Crawled caption data
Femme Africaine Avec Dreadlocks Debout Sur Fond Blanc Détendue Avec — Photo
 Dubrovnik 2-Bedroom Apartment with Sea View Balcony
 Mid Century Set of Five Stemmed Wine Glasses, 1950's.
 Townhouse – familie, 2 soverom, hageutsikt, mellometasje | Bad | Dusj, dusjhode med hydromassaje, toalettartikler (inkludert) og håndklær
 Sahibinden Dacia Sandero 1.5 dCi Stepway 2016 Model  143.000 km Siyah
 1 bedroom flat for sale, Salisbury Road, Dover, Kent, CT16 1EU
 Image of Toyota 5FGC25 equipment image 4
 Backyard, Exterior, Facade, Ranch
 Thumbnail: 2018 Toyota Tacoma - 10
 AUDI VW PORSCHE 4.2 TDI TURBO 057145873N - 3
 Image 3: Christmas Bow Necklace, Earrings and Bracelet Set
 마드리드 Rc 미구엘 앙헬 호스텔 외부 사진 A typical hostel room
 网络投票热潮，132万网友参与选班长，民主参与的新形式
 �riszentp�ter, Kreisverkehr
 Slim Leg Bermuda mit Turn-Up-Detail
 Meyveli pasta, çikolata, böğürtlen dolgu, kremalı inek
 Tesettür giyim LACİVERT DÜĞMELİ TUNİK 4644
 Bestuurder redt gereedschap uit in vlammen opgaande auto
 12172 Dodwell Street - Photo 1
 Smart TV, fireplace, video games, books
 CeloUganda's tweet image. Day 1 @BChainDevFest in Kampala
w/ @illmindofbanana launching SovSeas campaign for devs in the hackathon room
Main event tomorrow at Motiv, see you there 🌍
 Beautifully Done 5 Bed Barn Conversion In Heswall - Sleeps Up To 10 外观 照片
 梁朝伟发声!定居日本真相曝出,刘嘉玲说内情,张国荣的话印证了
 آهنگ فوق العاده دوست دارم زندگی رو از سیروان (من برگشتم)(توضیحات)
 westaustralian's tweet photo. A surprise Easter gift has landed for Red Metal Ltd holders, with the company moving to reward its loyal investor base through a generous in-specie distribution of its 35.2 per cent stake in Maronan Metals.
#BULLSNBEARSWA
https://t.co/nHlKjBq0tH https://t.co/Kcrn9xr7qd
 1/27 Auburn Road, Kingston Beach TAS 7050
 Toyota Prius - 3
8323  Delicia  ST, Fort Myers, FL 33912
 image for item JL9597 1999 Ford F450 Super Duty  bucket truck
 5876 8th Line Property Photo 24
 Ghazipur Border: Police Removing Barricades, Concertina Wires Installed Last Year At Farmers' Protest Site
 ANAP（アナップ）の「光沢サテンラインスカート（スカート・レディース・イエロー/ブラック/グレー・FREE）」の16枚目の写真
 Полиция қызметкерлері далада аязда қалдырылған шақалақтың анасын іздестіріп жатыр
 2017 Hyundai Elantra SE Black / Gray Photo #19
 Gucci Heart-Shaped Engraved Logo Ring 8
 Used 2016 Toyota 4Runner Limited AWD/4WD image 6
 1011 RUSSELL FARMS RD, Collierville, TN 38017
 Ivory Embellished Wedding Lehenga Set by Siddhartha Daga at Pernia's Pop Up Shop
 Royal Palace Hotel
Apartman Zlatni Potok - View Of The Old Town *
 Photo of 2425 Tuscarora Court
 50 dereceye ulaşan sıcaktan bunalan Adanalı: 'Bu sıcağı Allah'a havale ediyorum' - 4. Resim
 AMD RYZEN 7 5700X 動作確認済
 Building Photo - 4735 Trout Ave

**Instructions to follow:**
Begin at the first line of the entries above and copy every line exactly, ending with the line that contains "Mid Century Set".

**Task answer:**
Femme Africaine Avec Dreadlocks Debout Sur Fond Blanc Détendue Avec — Photo
 Dubrovnik 2-Bedroom Apartment with Sea View Balcony
 Mid Century Set of Five Stemmed Wine Glasses, 1950's.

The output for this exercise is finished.